By the time his final undergraduate year came, I more readily recognised the 清真 (halaal) sign on restaurant windows that designated them as welcoming spaces for him. They’d become our meeting grounds. It was also in his final year of studies that the idea to join him in his fasting emerged, leading to this moment of slurping noodle broth together before sunrise. Soon enough, sunlight replaced streetlights and tree shadows. Full stomachs replaced full bowls. We parted ways, heading into the activities that lay before us that day. I was extra careful to not let food or water touch my lips as the day passed by.
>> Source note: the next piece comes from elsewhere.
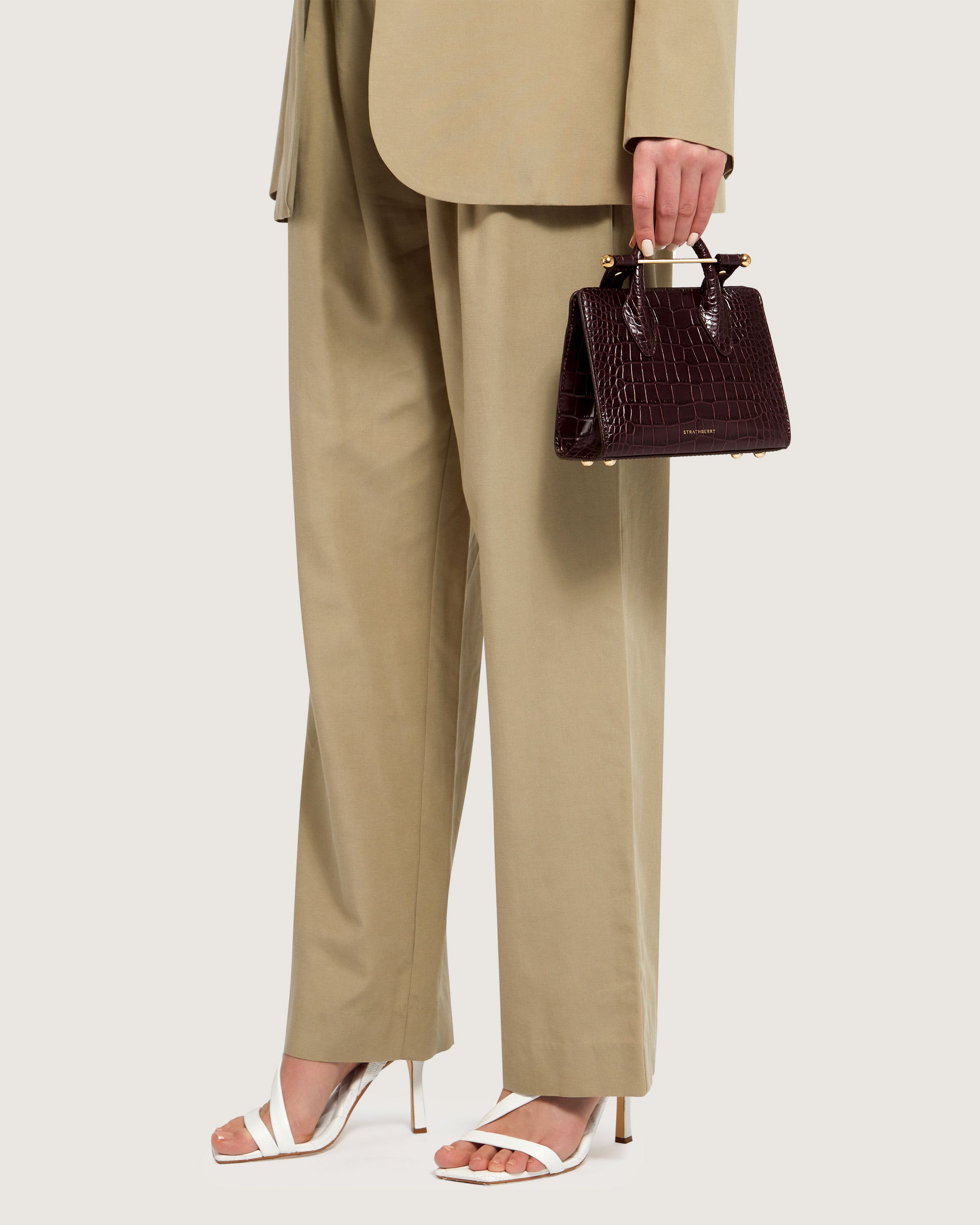 A woman in a tan suit holding a brown purse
Chinese mosque turret in a Muslim autonomous region
Cold noodles

We bookended the day with another shared meal, reconvening after sunset at a gate of the university. My friend led us down a skinny side-street to a spot I would not have found alone. We squished into a tiny corner upstairs and were brought a large platter to be shared. Literally translated as “Big Plate Chicken,” it included belt noodles – their name derived from their generous thickness – slices of potatoes, veggies, a whole chicken cut into pieces, and a medley of Chinese spices all swimming in the characteristic red chilli oil which had many a time left its signature flick on my clothing. 

Tummies full, we departed. I made my way back towards my apartment. The grannies were dancing vigorously. The night’s traffic was diminishing, but not yet at its 4am low level. I wove my way between clusters of students holding phones, snacks, or plastic packets with cups of boba tea in their hands that cast swinging shadows on the sidewalk.

I was mindful of the fact that my tomorrow would not follow the same rhythm as my friend’s. Once again, he’d encounter the fresh dawn air. And again. And again. And again. I would not. At least, not in that way. Nevertheless, I still carry with me the essence of his imago Dei, clasping chopsticks and sharing space at a table of common ground – one where there’s always room for one more.